The first line of the entries is where the copy starts and the line with "Tas Semi Dompet" is where it ends; set down each line exactly, both ends included, and drop pictures.

(Exercise materials)

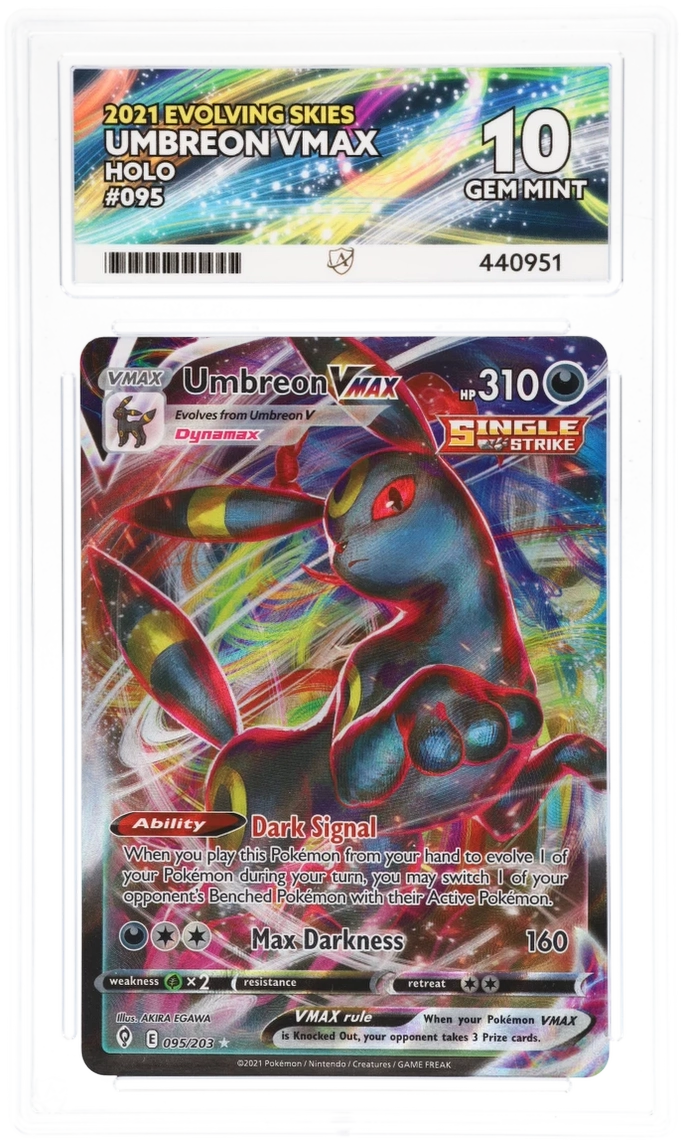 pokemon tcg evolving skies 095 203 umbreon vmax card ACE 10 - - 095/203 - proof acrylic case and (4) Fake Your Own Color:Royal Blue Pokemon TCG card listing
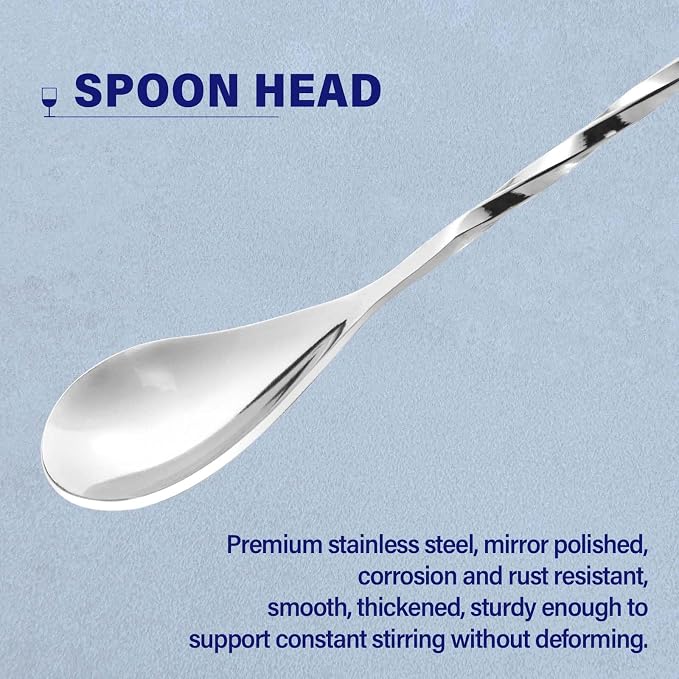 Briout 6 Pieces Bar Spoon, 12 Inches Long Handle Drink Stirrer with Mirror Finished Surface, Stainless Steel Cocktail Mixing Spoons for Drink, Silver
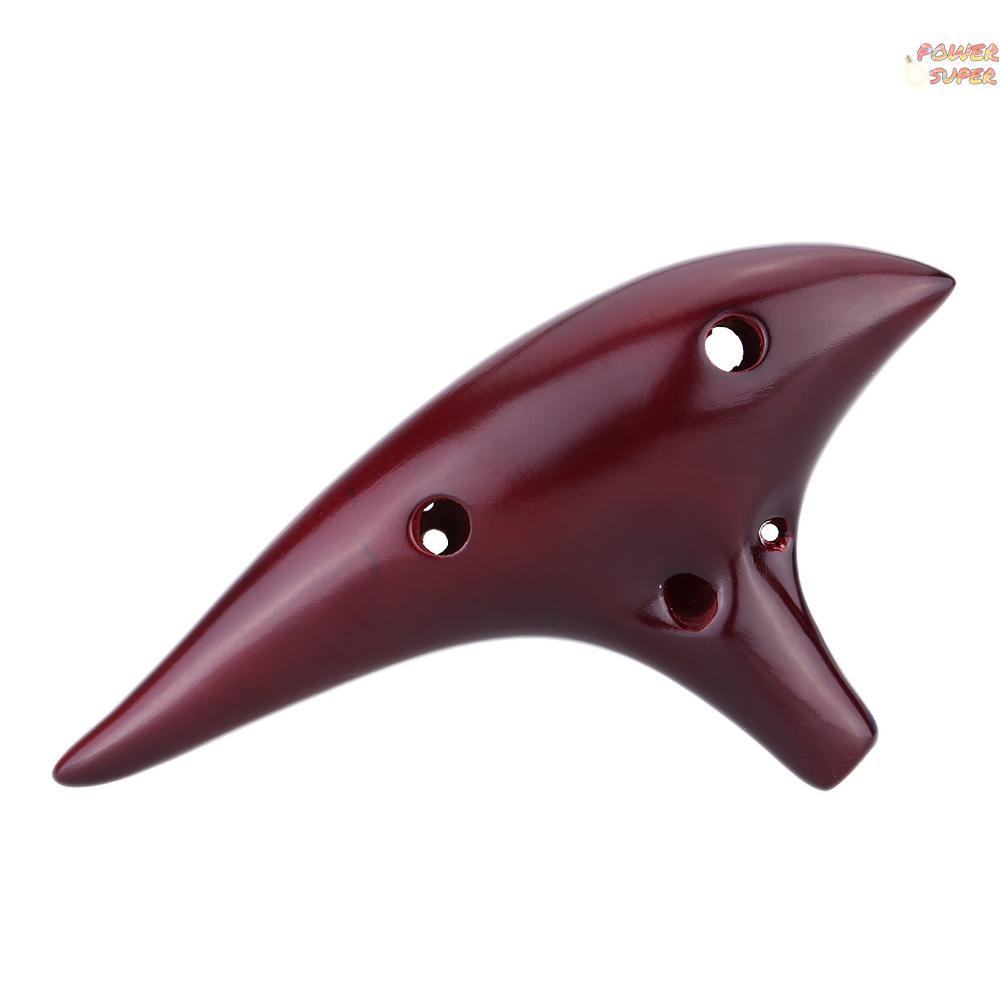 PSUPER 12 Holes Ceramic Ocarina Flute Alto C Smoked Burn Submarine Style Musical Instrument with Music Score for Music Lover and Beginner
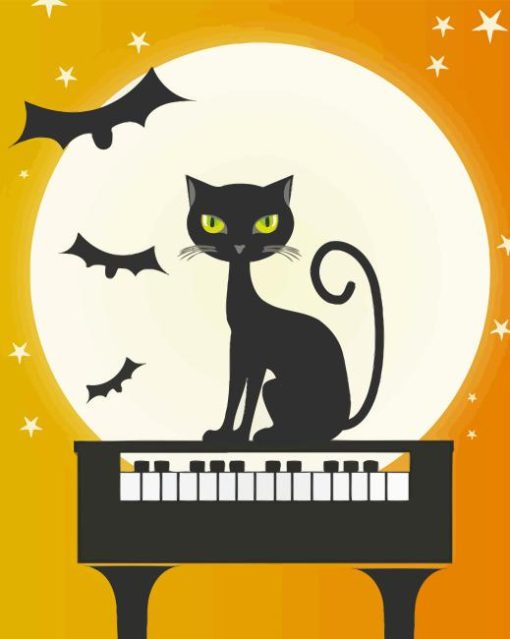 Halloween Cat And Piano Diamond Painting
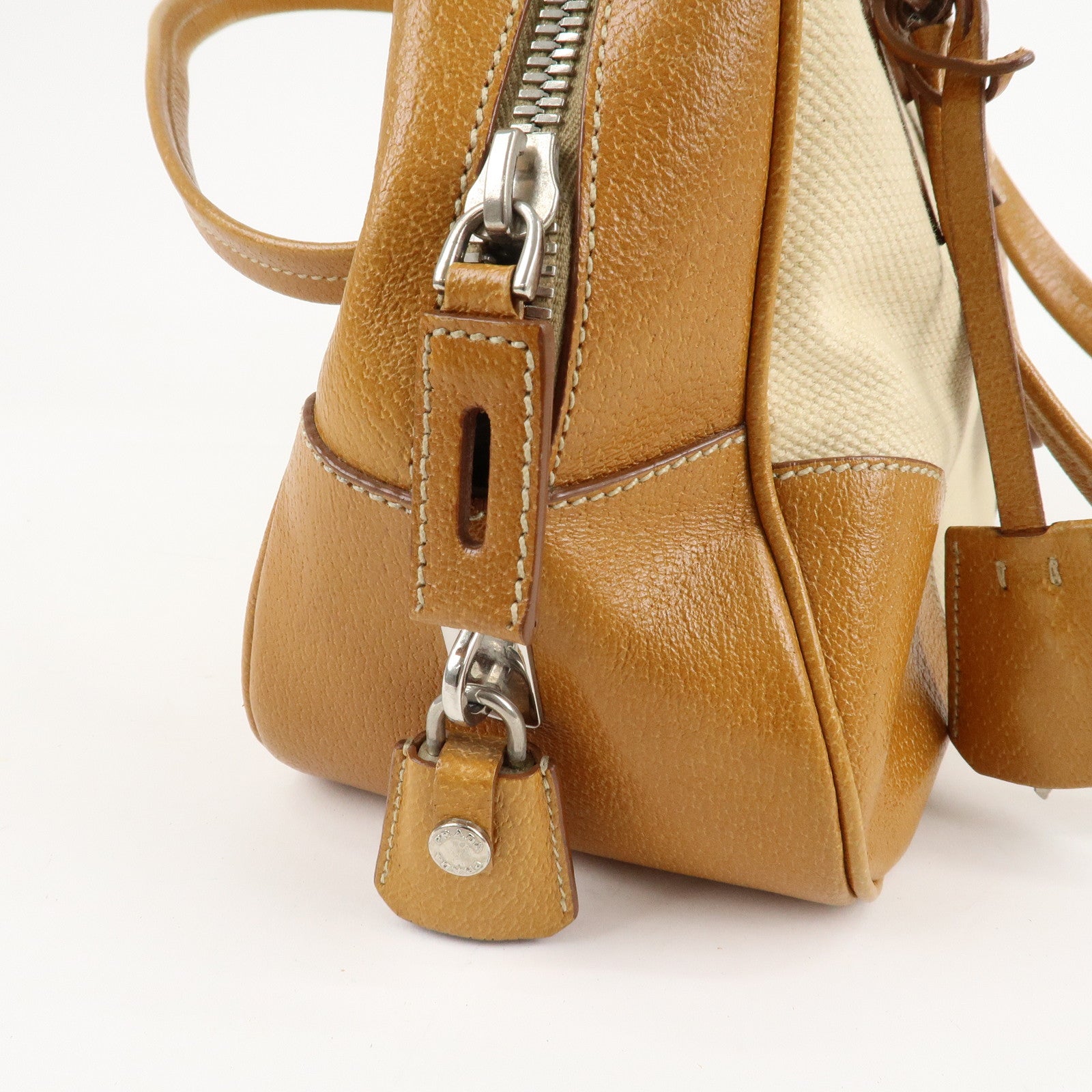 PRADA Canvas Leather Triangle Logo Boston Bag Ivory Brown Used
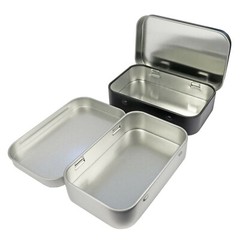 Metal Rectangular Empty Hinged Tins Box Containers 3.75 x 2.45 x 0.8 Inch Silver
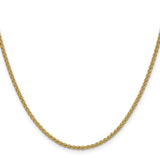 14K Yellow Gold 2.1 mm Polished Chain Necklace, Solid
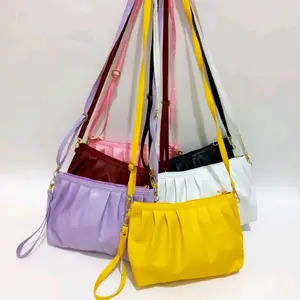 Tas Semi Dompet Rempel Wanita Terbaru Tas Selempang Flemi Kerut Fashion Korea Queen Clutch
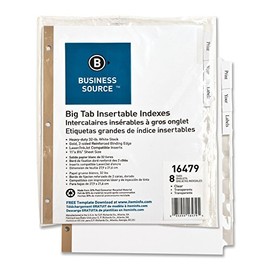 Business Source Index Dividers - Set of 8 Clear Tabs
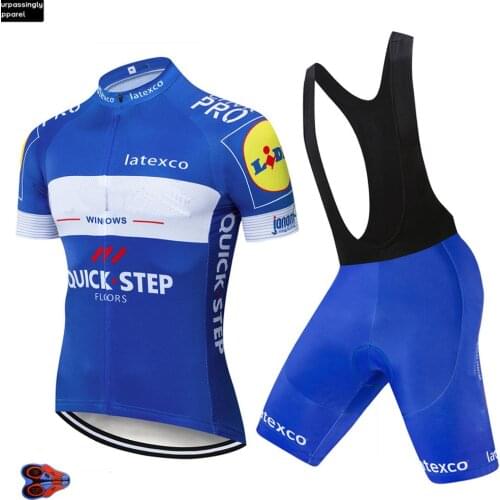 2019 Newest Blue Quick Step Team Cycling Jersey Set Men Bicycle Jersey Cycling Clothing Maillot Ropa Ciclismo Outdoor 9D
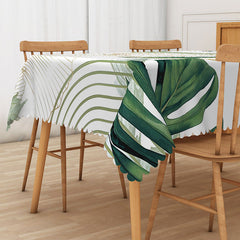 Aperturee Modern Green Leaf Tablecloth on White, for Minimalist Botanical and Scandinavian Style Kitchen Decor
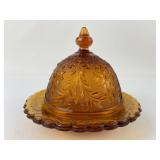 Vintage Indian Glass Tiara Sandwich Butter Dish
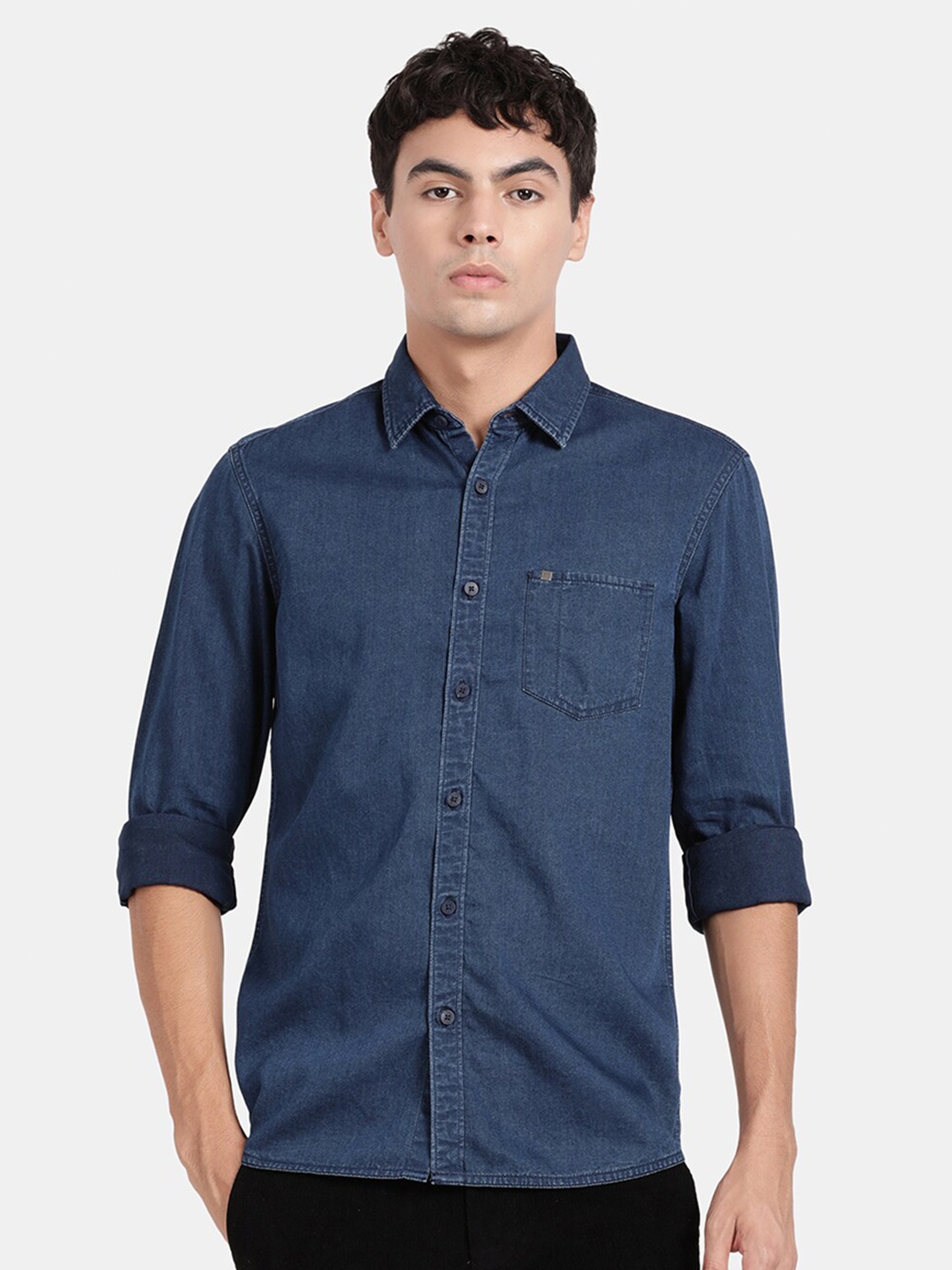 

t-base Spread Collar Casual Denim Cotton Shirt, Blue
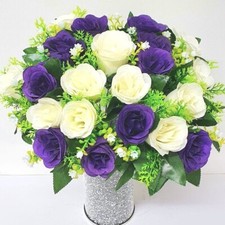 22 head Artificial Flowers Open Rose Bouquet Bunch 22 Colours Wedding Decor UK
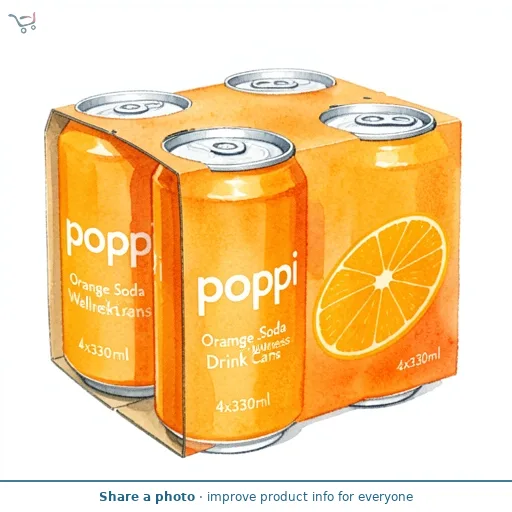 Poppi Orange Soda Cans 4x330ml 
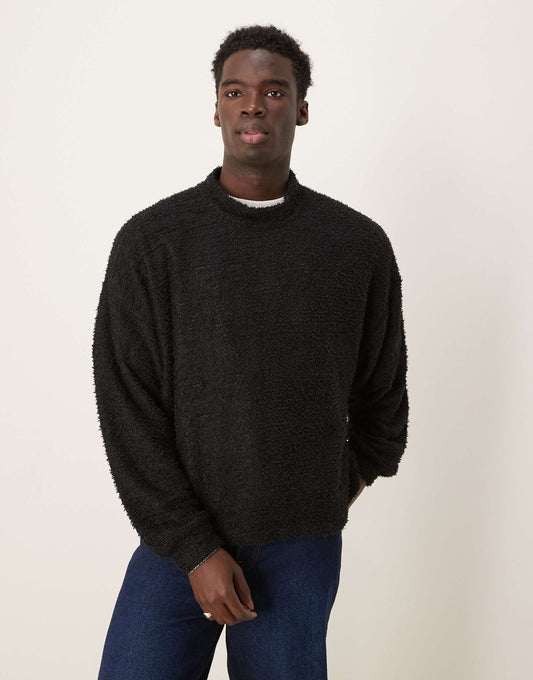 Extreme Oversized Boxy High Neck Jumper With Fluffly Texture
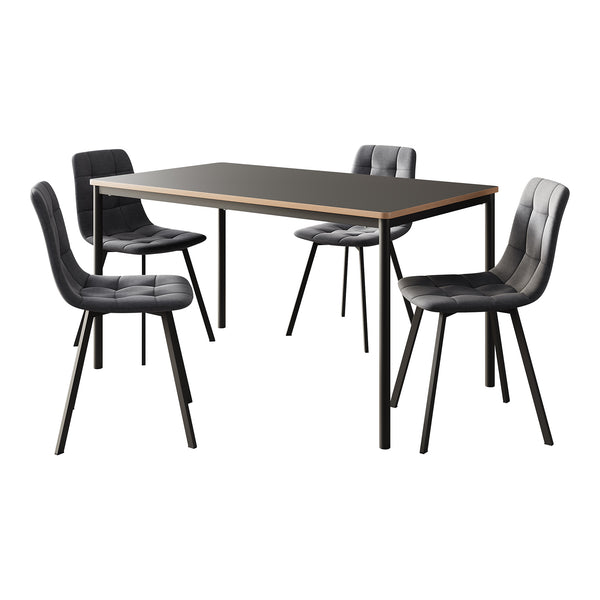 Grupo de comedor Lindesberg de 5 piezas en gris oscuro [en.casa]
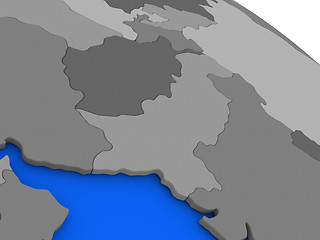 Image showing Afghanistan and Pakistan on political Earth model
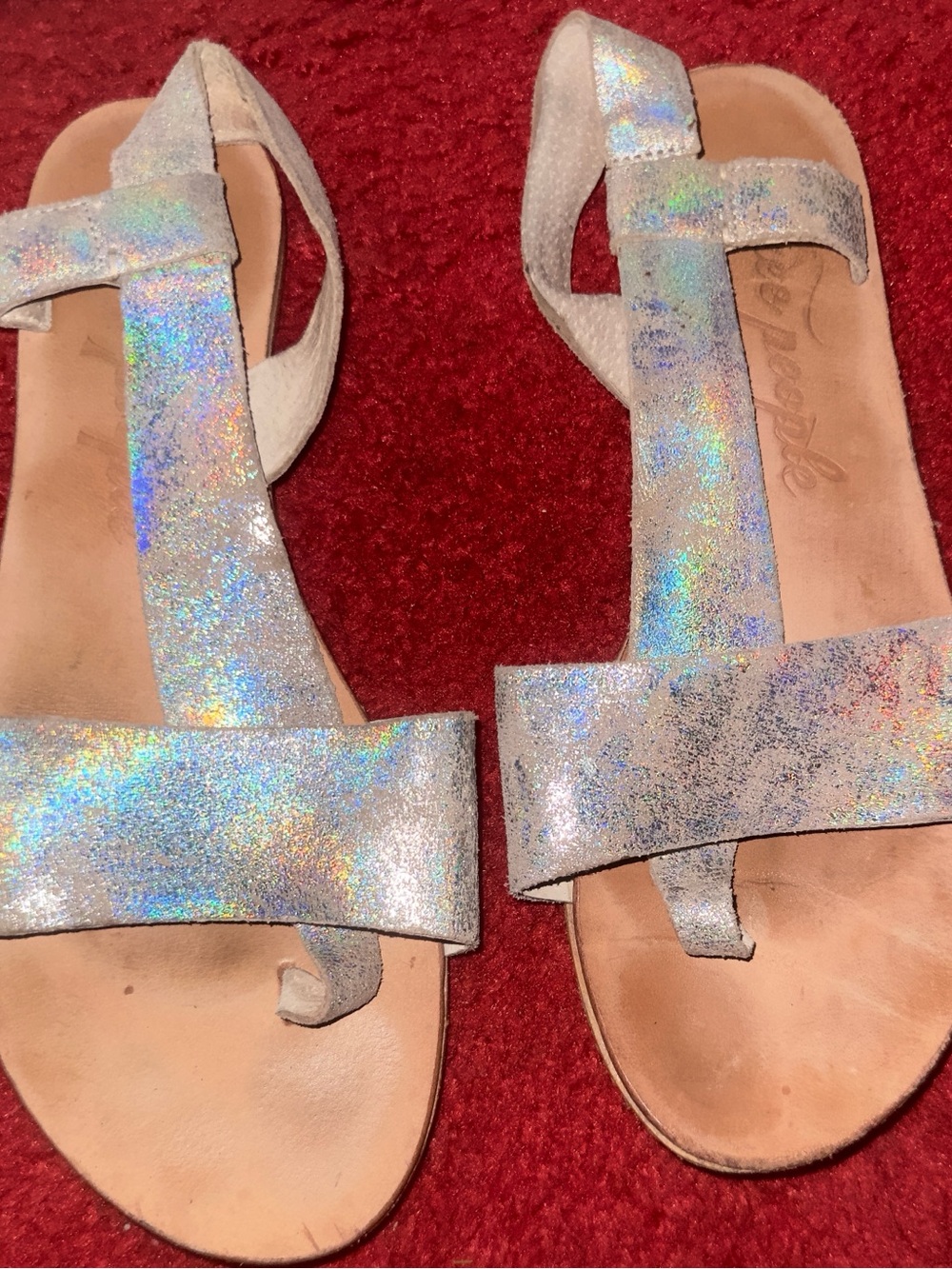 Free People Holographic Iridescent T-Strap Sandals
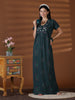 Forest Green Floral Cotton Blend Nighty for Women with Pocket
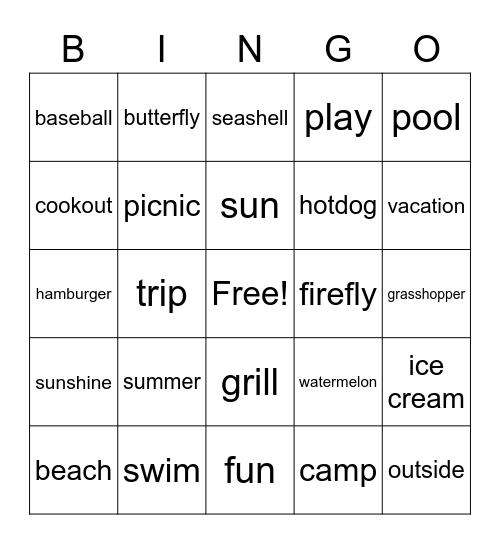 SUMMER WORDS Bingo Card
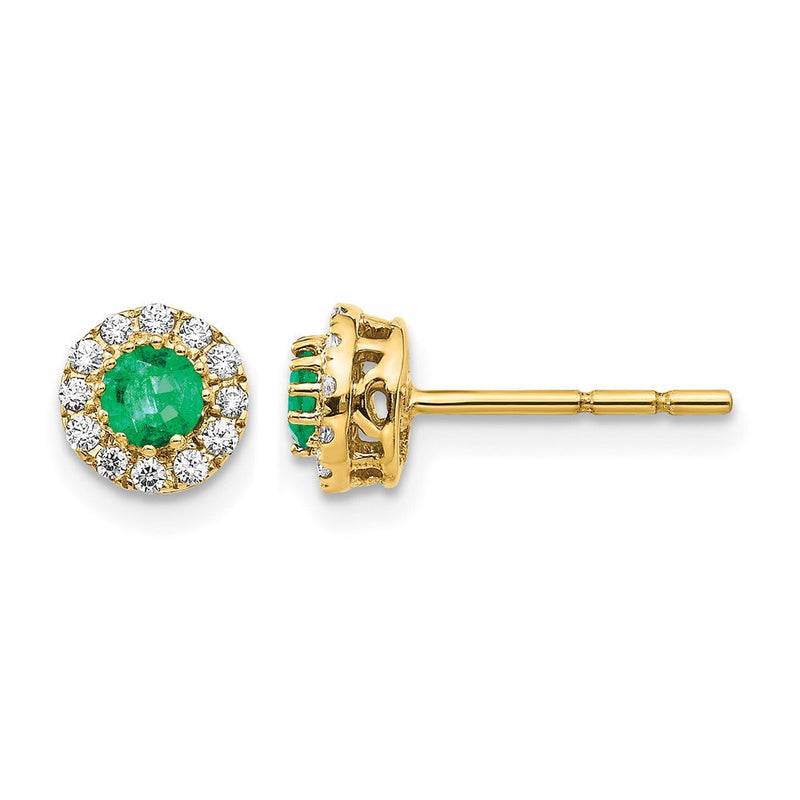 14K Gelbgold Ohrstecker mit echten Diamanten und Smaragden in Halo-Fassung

(End Exercise materials)

*Task response*
 pokemon tcg evolving skies 095 203 umbreon vmax card ACE 10 - - 095/203 - proof acrylic case and (4) Fake Your Own Color:Royal Blue Pokemon TCG card listing
 Briout 6 Pieces Bar Spoon, 12 Inches Long Handle Drink Stirrer with Mirror Finished Surface, Stainless Steel Cocktail Mixing Spoons for Drink, Silver
 PSUPER 12 Holes Ceramic Ocarina Flute Alto C Smoked Burn Submarine Style Musical Instrument with Music Score for Music Lover and Beginner
 Halloween Cat And Piano Diamond Painting
 PRADA Canvas Leather Triangle Logo Boston Bag Ivory Brown Used
 Metal Rectangular Empty Hinged Tins Box Containers 3.75 x 2.45 x 0.8 Inch Silver
 14K Yellow Gold 2.1 mm Polished Chain Necklace, Solid
 Tas Semi Dompet Rempel Wanita Terbaru Tas Selempang Flemi Kerut Fashion Korea Queen Clutch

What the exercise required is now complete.